05º A Tartaruga Vermelha

Coprodução francesa com o Ghibli, o debut na tela grande do diretor de curtas, Michael Dudok de Wit, é uma das melhores amostras puras de arte sensorial da década, em que não há grande razão para nada fora a existência em sua totalidade contemplativa e primitiva - questionavelmente idealizada, mas ainda bela. 

04º Divertida Mente


Peter Docter é um diretor de filmografia perfeita. No começo, os louros iam a Lasseter; depois, a Andrew Stanton. Hoje, vejo como unânime e irrefutável a convicção na supremacia intelectual e sensitiva de Docter no time criativo da Pixar. Monstros S.A, Up e Divertida Mente são todos, talvez, top 5 da Pixar, uma regularidade talvez evolutiva em questões existenciais e emotivas acima até do aspecto técnico. Talvez, ele pudesse entrar outra vez na lista com Soul, a ser lançado no Natal. A Pixar passou por uma década difícil e mais desértica que seu normal, mas não por causa de Peter, sua principal esfera espiritual. 

03º Frozen

Certamente o meu favorito da lista, Frozen é um filme que sofre até hoje por saturação. E é compreensível.
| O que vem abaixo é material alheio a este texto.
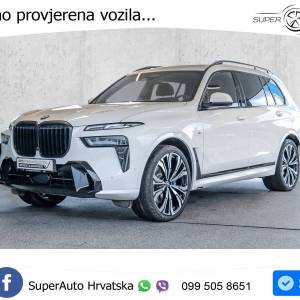 BMW X7 40i xDrive Aut. M Sport 380 KS, 7- SJED+ZRAČNI+ACC+KAM+GR SJED+HEAD+PANO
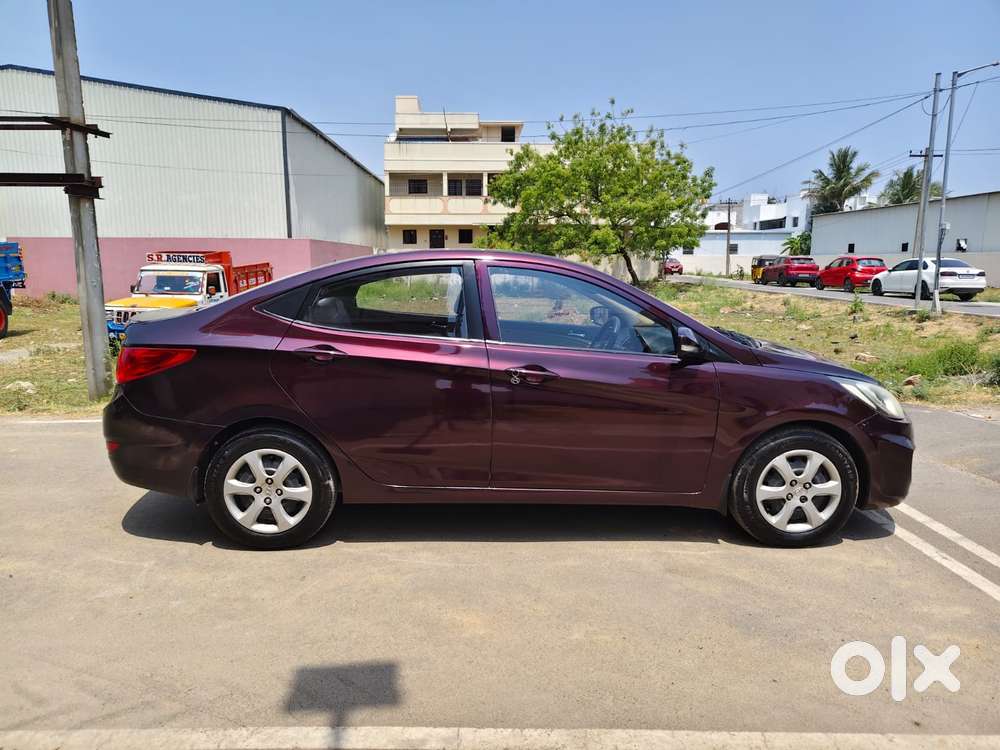 Hyundai Verna 2011-2014 1.6 Ex Vtvt, 2012, Diesel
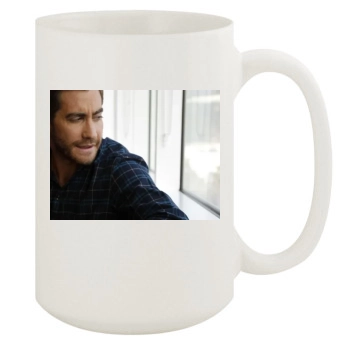 Jake Gyllenhaal 15oz White Mug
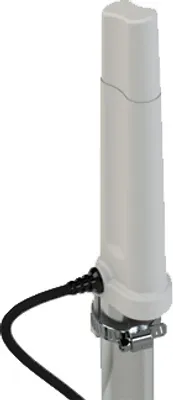 Zdjęcie produktu dla Poynting Â- Anteny Â- LTE/GSM Â- Maszt/Ściana Â- A-OMNI-0280-08-V1 Â- biały Â- RA-SMA (M) Â- 4dbi OMNI-Directional LTE SISO Â- SMA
Let it Go foi um marco na indústria, mas atualmente, poderia facilmente ser a trilha sonora do inferno, e os rostos de Anna e, principalmente, Elsa (que tomou para si o título de A Frozen) se tornaram tão onipresentes em produtos para crianças, como figurinhas, objetos de decoração e festas, que é natural se ter uma antipatia por elas. 

Porém, deve-se abstrair qualquer rancor (menos se você for um pai ou mãe, talvez), pois a adaptação livre do conto da Princesa da Neve é o primeiro grande marco da Disney neste século, e obviamente seu grande expoente na mudança de ares do estúdio, alavancando a carreira da diretora, Jennifer Lee, hoje chefe criativa do setor de animação da Disney, numa trajetória espelhada às adoráveis protagonistas, símbolos de uma nova geração de garotas que domam seu destino.

Mas não é somente na militância que se encontra a força de Frozen, e sim, principalmente, na harmonização dessa atualidade social com a dimensão de seu encanto, uma magia tocante e sensibilizadora que estava sumida do estúdio desde a laureada Renascença. 

Se o marketing de Frozen passou dos limites, o filme segue lá, num pedestal merecido e inalcançável. 

O Conto da Princesa Kaguya

Hayao Miyazaki se tornou sinônimo do Ghibli mundialmente, mas a idade, por mais que idolatre e ache o diretor de Mononoke Hime e Chihiro um gênio absoluto, me fez ver com predileção a filmografia de outro criador do estúdio, menos celebrado, mas igualmente transcendental na arte de fazer filmes - Isao Takahata. Suas obras são menos fantásticas e mais humanistas, pelo menos as melhores, mas não por isso deixam de pegar o lado fabuloso e lúdico da vida, mesmo que seja como um escapismo da tragédia. O Túmulo dos Vagalumes e Into Yesterday são obras monumentais, e se Pompoko e Yamadas são trabalhos competentes, mas discretos, Isao fez de Kaguya o potencial melhor último filme de uma carreira da história, uma despedida sublime de alguém que, quando parecia não ter mais energias de produzir uma masterpiece - Hayao chegou a chamá-lo de preguiçoso -, entregou uma ode ao imaginário e ao feminino de uma beleza e delicadeza inigualáveis na vasta e debochada lista de filmes da casa de Totoro. 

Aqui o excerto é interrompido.